ASSIGNMENT:
Could you return each entry below exactly as written, minus any pictures?

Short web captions
╔══

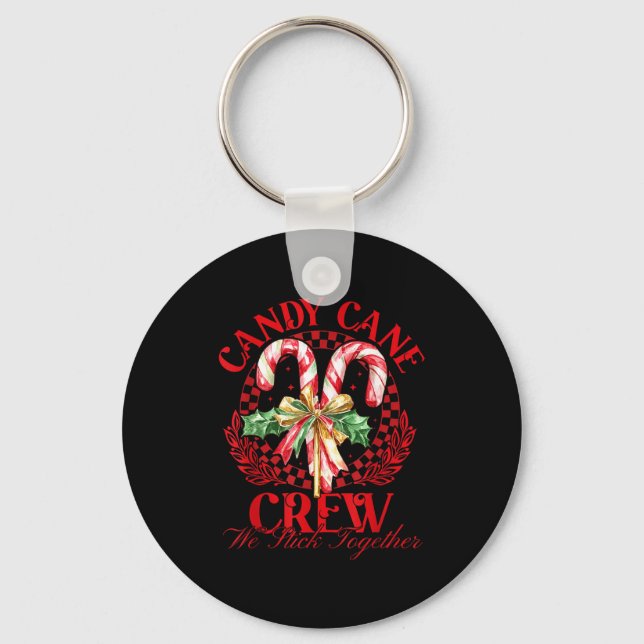 Candy Cane Crew We Stick Together Christmas Costum Nyckelring (Framsida)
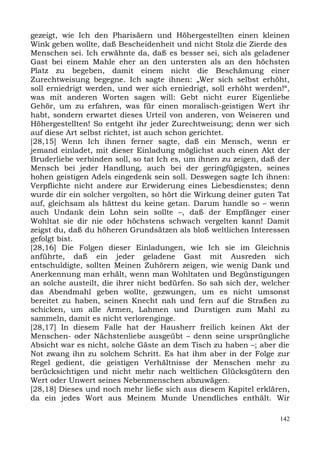 gezeigt, wie Ich den Pharisäern und Höhergestellten einen kleinen
Wink geben wollte, daß Bescheidenheit und nicht Stolz die Zierde des
Menschen sei. Ich erwähnte da, daß es besser sei, sich als geladener
Gast bei einem Mahle eher an den untersten als an den höchsten
Platz zu begeben, damit einem nicht die Beschämung einer
Zurechtweisung begegne. Ich sagte ihnen: „Wer sich selbst erhöht,
soll erniedrigt werden, und wer sich erniedrigt, soll erhöht werden!“,
was mit anderen Worten sagen will: Gebt nicht eurer Eigenliebe
Gehör, um zu erfahren, was für einen moralisch-geistigen Wert ihr
habt, sondern erwartet dieses Urteil von anderen, von Weiseren und
Höhergestellten! So entgeht ihr jeder Zurechtweisung; denn wer sich
auf diese Art selbst richtet, ist auch schon gerichtet.
[28,15] Wenn Ich ihnen ferner sagte, daß ein Mensch, wenn er
jemand einladet, mit dieser Einladung möglichst auch einen Akt der
Bruderliebe verbinden soll, so tat Ich es, um ihnen zu zeigen, daß der
Mensch bei jeder Handlung, auch bei der geringfügigsten, seines
hohen geistigen Adels eingedenk sein soll. Deswegen sagte Ich ihnen:
Verpflichte nicht andere zur Erwiderung eines Liebesdienstes; denn
wurde dir ein solcher vergolten, so hört die Wirkung deiner guten Tat
auf, gleichsam als hättest du keine getan. Darum handle so – wenn
auch Undank dein Lohn sein sollte –, daß der Empfänger einer
Wohltat sie dir nie oder höchstens schwach vergelten kann! Damit
zeigst du, daß du höheren Grundsätzen als bloß weltlichen Interessen
gefolgt bist.
[28,16] Die Folgen dieser Einladungen, wie Ich sie im Gleichnis
anführte, daß ein jeder geladene Gast mit Ausreden sich
entschuldigte, sollten Meinen Zuhörern zeigen, wie wenig Dank und
Anerkennung man erhält, wenn man Wohltaten und Begünstigungen
an solche austeilt, die ihrer nicht bedürfen. So sah sich der, welcher
das Abendmahl geben wollte, gezwungen, um es nicht umsonst
bereitet zu haben, seinen Knecht nah und fern auf die Straßen zu
schicken, um alle Armen, Lahmen und Durstigen zum Mahl zu
sammeln, damit es nicht verlorenginge.
[28,17] In diesem Falle hat der Hausherr freilich keinen Akt der
Menschen- oder Nächstenliebe ausgeübt – denn seine ursprüngliche
Absicht war es nicht, solche Gäste an dem Tisch zu haben –; aber die
Not zwang ihn zu solchem Schritt. Es hat ihm aber in der Folge zur
Regel gedient, die geistigen Verhältnisse der Menschen mehr zu
berücksichtigen und nicht mehr nach weltlichen Glücksgütern den
Wert oder Unwert seines Nebenmenschen abzuwägen.
[28,18] Dieses und noch mehr ließe sich aus diesem Kapitel erklären,
da ein jedes Wort aus Meinem Munde Unendliches enthält. Wir

                                                                   142
 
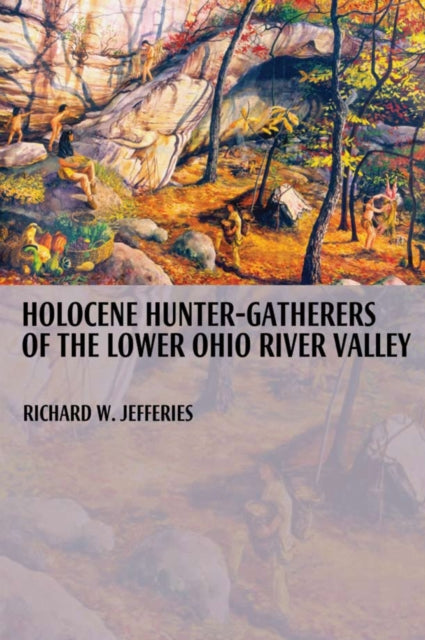Book cover of: Holocene Hunter-gatherers of the Lower Ohio River Valley. By: Richard W. Jefferies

╚══

ANSWER FOR THIS EXERCISE:
 Candy Cane Crew We Stick Together Christmas Costum Nyckelring (Framsida)
 gezeigt, wie Ich den Pharisäern und Höhergestellten einen kleinen
Wink geben wollte, daß Bescheidenheit und nicht Stolz die Zierde des
Menschen sei. Ich erwähnte da, daß es besser sei, sich als geladener
Gast bei einem Mahle eher an den untersten als an den höchsten
Platz zu begeben, damit einem nicht die Beschämung einer
Zurechtweisung begegne. Ich sagte ihnen: „Wer sich selbst erhöht,
soll erniedrigt werden, und wer sich erniedrigt, soll erhöht werden!“,
was mit anderen Worten sagen will: Gebt nicht eurer Eigenliebe
Gehör, um zu erfahren, was für einen moralisch-geistigen Wert ihr
habt, sondern erwartet dieses Urteil von anderen, von Weiseren und
Höhergestellten! So entgeht ihr jeder Zurechtweisung; denn wer sich
auf diese Art selbst richtet, ist auch schon gerichtet.
[28,15] Wenn Ich ihnen ferner sagte, daß ein Mensch, wenn er
jemand einladet, mit dieser Einladung möglichst auch einen Akt der
Bruderliebe verbinden soll, so tat Ich es, um ihnen zu zeigen, daß der
Mensch bei jeder Handlung, auch bei der geringfügigsten, seines
hohen geistigen Adels eingedenk sein soll. Deswegen sagte Ich ihnen:
Verpflichte nicht andere zur Erwiderung eines Liebesdienstes; denn
wurde dir ein solcher vergolten, so hört die Wirkung deiner guten Tat
auf, gleichsam als hättest du keine getan. Darum handle so – wenn
auch Undank dein Lohn sein sollte –, daß der Empfänger einer
Wohltat sie dir nie oder höchstens schwach vergelten kann! Damit
zeigst du, daß du höheren Grundsätzen als bloß weltlichen Interessen
gefolgt bist.
[28,16] Die Folgen dieser Einladungen, wie Ich sie im Gleichnis
anführte, daß ein jeder geladene Gast mit Ausreden sich
entschuldigte, sollten Meinen Zuhörern zeigen, wie wenig Dank und
Anerkennung man erhält, wenn man Wohltaten und Begünstigungen
an solche austeilt, die ihrer nicht bedürfen. So sah sich der, welcher
das Abendmahl geben wollte, gezwungen, um es nicht umsonst
bereitet zu haben, seinen Knecht nah und fern auf die Straßen zu
schicken, um alle Armen, Lahmen und Durstigen zum Mahl zu
sammeln, damit es nicht verlorenginge.
[28,17] In diesem Falle hat der Hausherr freilich keinen Akt der
Menschen- oder Nächstenliebe ausgeübt – denn seine ursprüngliche
Absicht war es nicht, solche Gäste an dem Tisch zu haben –; aber die
Not zwang ihn zu solchem Schritt. Es hat ihm aber in der Folge zur
Regel gedient, die geistigen Verhältnisse der Menschen mehr zu
berücksichtigen und nicht mehr nach weltlichen Glücksgütern den
Wert oder Unwert seines Nebenmenschen abzuwägen.
[28,18] Dieses und noch mehr ließe sich aus diesem Kapitel erklären,
da ein jedes Wort aus Meinem Munde Unendliches enthält. Wir

                                                                   142
 
Book cover of: Holocene Hunter-gatherers of the Lower Ohio River Valley. By: Richard W. Jefferies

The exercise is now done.